April ethanol production, sales up in South-Central Brazil

By UNICA, the Brazilian Sugarcane Association | May 21, 2013

The sugarcane crush in Brazil’s South Central region from the start of the 2013/14 season through April 30 totaled 41.01 million tons, compared to 14.13 million tons processed during the same period last year.

Of the total crush so far in 2013/14, 31.54 million tons were processed during the second-half of April, a significant increase from the 9.40 million tons processed during the first half of the month.

“This growth in the crush was expected because after April 15 there was practically no stoppage of harvest activities caused by weather conditions,” UNICA Technical Director Antonio de Padua Rodrigues said. Furthermore, several mills began their operations for the current harvest in the second half of the month, contributing to the increase in the volume processed, Rodrigues added.

According to a periodic survey conducted by UNICA, 220 mills in the South Central region were operating on May 1, compared to 154 mills in operation a year earlier and 144 mills operating on April 15, 2013. Practically all regional units that didn’t kick off the harvest in April are expected to be up and running in May.

Of the total sugarcane harvested from the start of the 2013/14 season through April 30, 39.93 percent  went toward sugar production and 60.07 percent to ethanol production. During the second-half of April, the share of raw material directed to ethanol production remained practically at the same level observed previously, amounting to 58.05 percent.

From the start of the current season through April 30, sugar production in the South-Central region totaled 1.69 million tons, with 1.45 million tons produced during the second-half of April.

From the start of the current season through April 30, ethanol production totaled 1.58 billion liters – 400.99 million liters of anhydrous ethanol and 1.18 billion liters of hydrous ethanol – representing a 180 percent increase from the amount of ethanol produced over the same period last year.
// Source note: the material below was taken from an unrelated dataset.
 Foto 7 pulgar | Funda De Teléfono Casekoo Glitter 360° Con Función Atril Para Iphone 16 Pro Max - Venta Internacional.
During the second-half of April, ethanol production totaled 1.24 billion liters – 361.77 million liters of anhydrous ethanol and 878.64 million liters of hydrous ethanol.

“This year the start of the crush was brought forward by the mills because of the greater volume of cane available for processing,” Rodrigues said. “In addition, the companies prioritized the production of ethanol to supply the domestic market, primarily with regard to the higher anhydrous blend rate in gasoline that came into effect on May 1.”
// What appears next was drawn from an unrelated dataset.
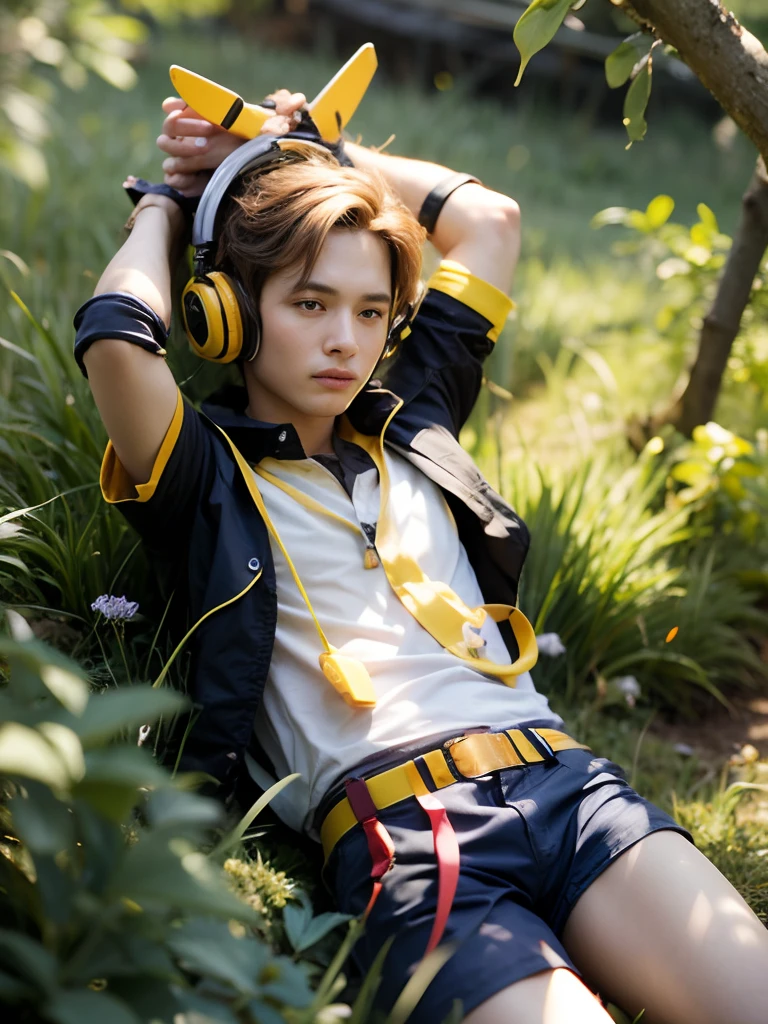 Boy lying on grass with headphones and arms on his back of neck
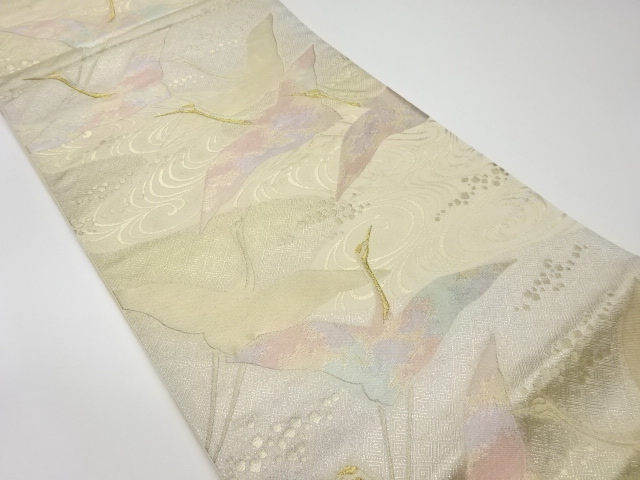 リサイクル　群鶴模様織出し袋帯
Ethanol sales by South Central mills totaled 1.59 billion liters in April, a 13.96 percent increase compared to April 2012.

The increase stemmed essentially from sales in Brazil’s domestic market, which totaled 1.52 billion liters compared to 1.32 billion liters in April 2012, an increase of 14.91 percent. Exports during April totaled 70.71 million liters.

In Brazil’s domestic market, anhydrous ethanol sales totaled 546.73 million liters in April, up 15.32 percent over the same period last year. Domestic hydrous ethanol sales totaled 971.83 million liters in April, a 14.68 percent increase compared to April of 2012.

During the second-half of April, ethanol sales totaled 850.84 million liters, of which 50.90 million liters were for export and 799.94 million liters supplied Brazil’s domestic market.

“The growth in ethanol sales into the domestic market in April of this year surpassed expectations,” Rodrigues said. “This market should remain strong in the coming months due to the drop in ethanol prices at the pump and to the communication effort that has been undertaken to make consumers aware of the advantages associated with the biofuel,” he added.